WQAC
- Alma, Michigan; United States;
- Broadcast area: Alma, Michigan
- Frequency: 90.9 MHz
- Branding: "The Duck"

Programming
- Format: Defunct (formerly Modern Rock/Variety; College student station)

Ownership
- Owner: Alma College

History
- First air date: March 27, 1993
- Last air date: February 12, 2018 (date of license surrender)
- Call sign meaning: Alma College and Quack (referencing station branding)

Technical information
- Licensing authority: FCC
- Class: A
- ERP: 100 watts
- Transmitter coordinates: 43°22′46″N 84°40′25″W﻿ / ﻿43.3795°N 84.6736°W

Links
- Public license information: Public file; LMS;

= WQAC =

WQAC (90.9 FM; "The Duck") was a campus radio station located in Alma, Michigan and operated by Alma College. The station primarily played the music of up-and-coming modern rock bands. WQAC also had a large collection of evening student specialty shows. Over its history, these shows covered everything from world music to classic rock to talk shows.

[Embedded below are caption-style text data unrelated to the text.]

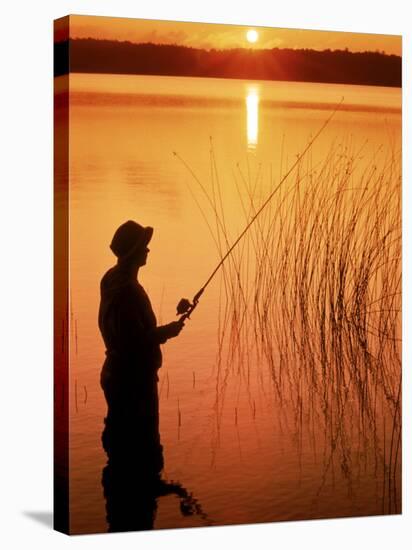 Silhouette of Man Fishing, Vilas City, WI-Ken Wardius-Stretched Canvas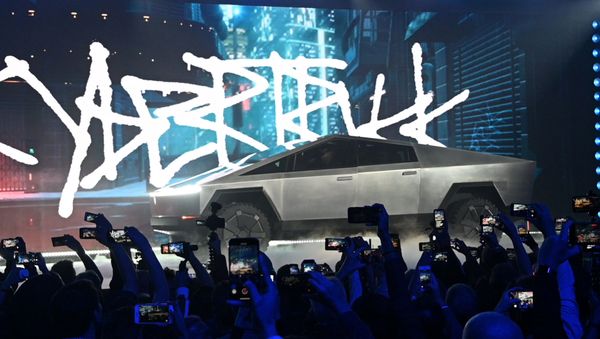 Nov 21, 2019;  Hawthorne, CA, U.S.A; The Tesla Cybertruck takes the stage at an unveiling of the long awaited pickup truck from the company at the TeslaDesign Studio in Hawthorne, Calif. - Sputnik International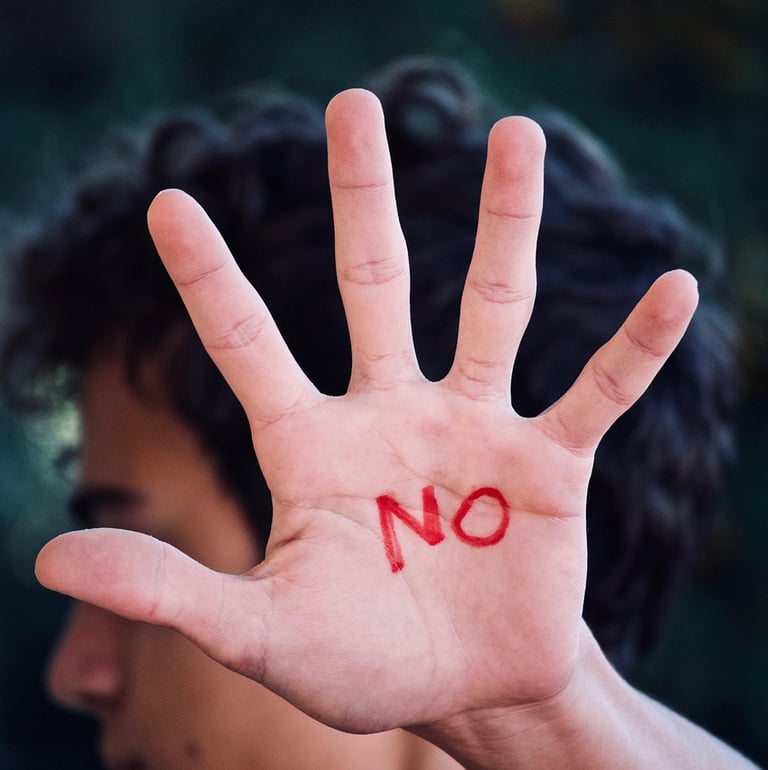 A palm written "No" on it Direct communication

The station signed on March 27, 1993. In 2016, Alma College announced that WQAC would go silent; it would be replaced by "Pirate Media", a digital media service that incorporates photography and video in addition to radio programming. The WQAC license was surrendered on February 12, 2018, and cancelled by the Federal Communications Commission on February 22, 2018.